Print each record below precisely, with every picture left out of the copy.

::: TASK INPUT :::

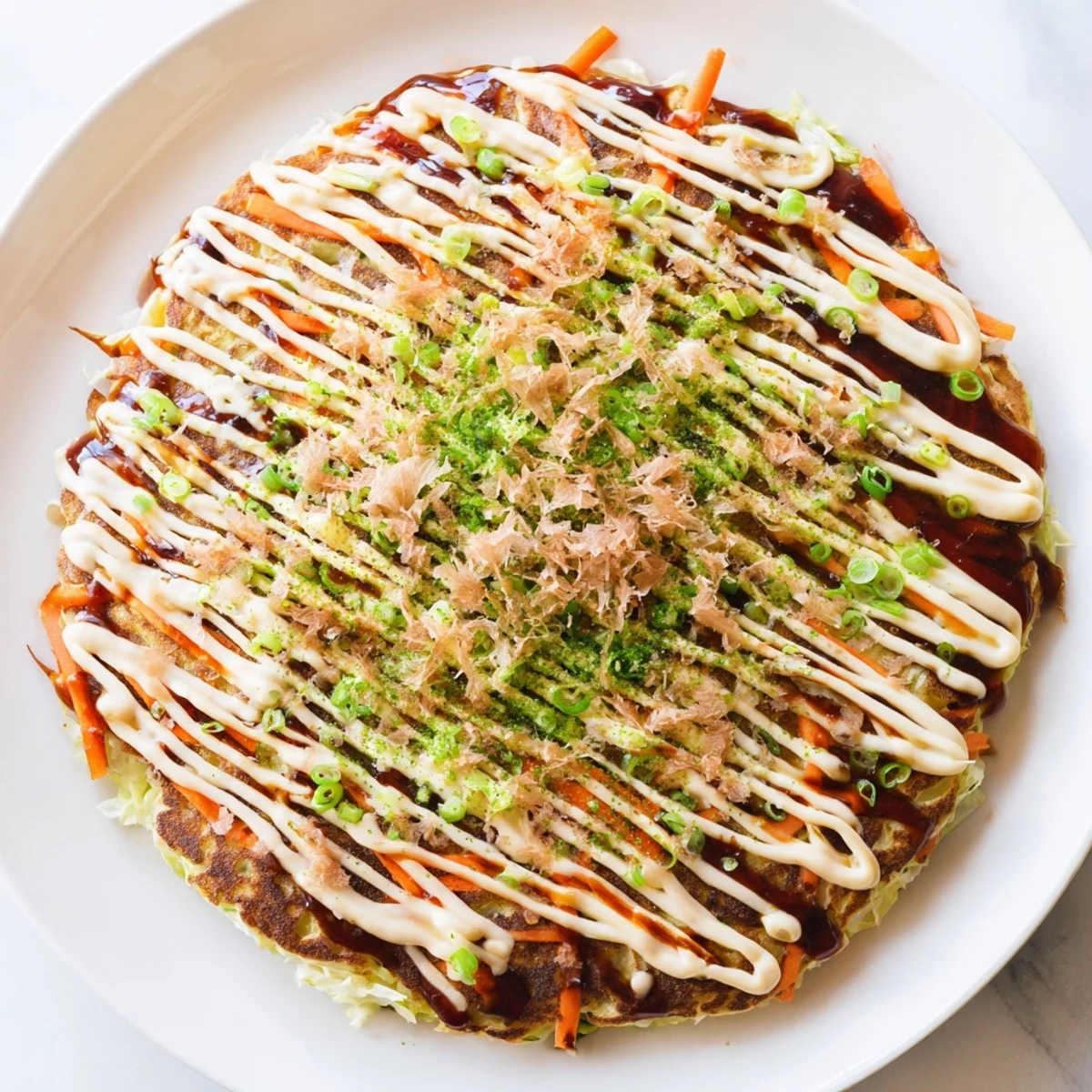 A close-up of steaming, delicious Japanese okonomiyaki pancakes, ready to be devoured with sauce and mayo.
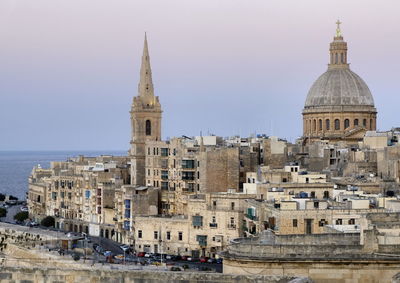 View of cathedral in city against sky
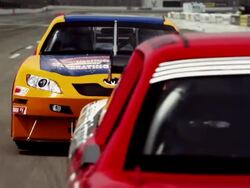 TS CU TU ZI Two racecars competing for first position along racetrack / Long Pond, Pennsylvania, USA Stock Footage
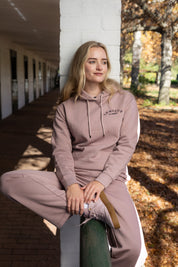 Front view of a model wearing Wild Rose LeMieux Luna Hoodie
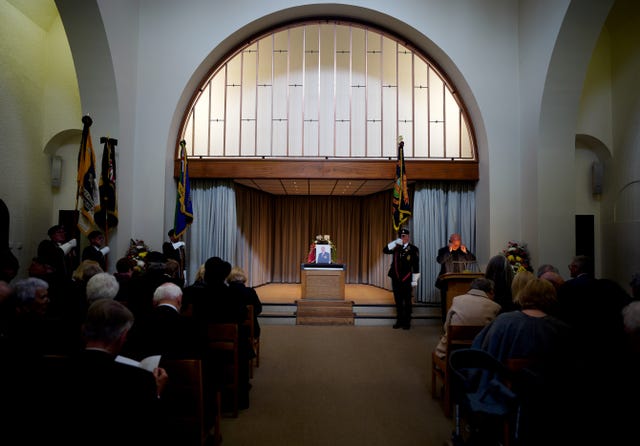 Mourners attend the funeral of D-Day veteran Albert Price, 98.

:::

- **ANSWER SPACE**
 A close-up of steaming, delicious Japanese okonomiyaki pancakes, ready to be devoured with sauce and mayo.
 View of cathedral in city against sky
 TS CU TU ZI Two racecars competing for first position along racetrack / Long Pond, Pennsylvania, USA Stock Footage
 Front view of a model wearing Wild Rose LeMieux Luna Hoodie
 Mourners attend the funeral of D-Day veteran Albert Price, 98.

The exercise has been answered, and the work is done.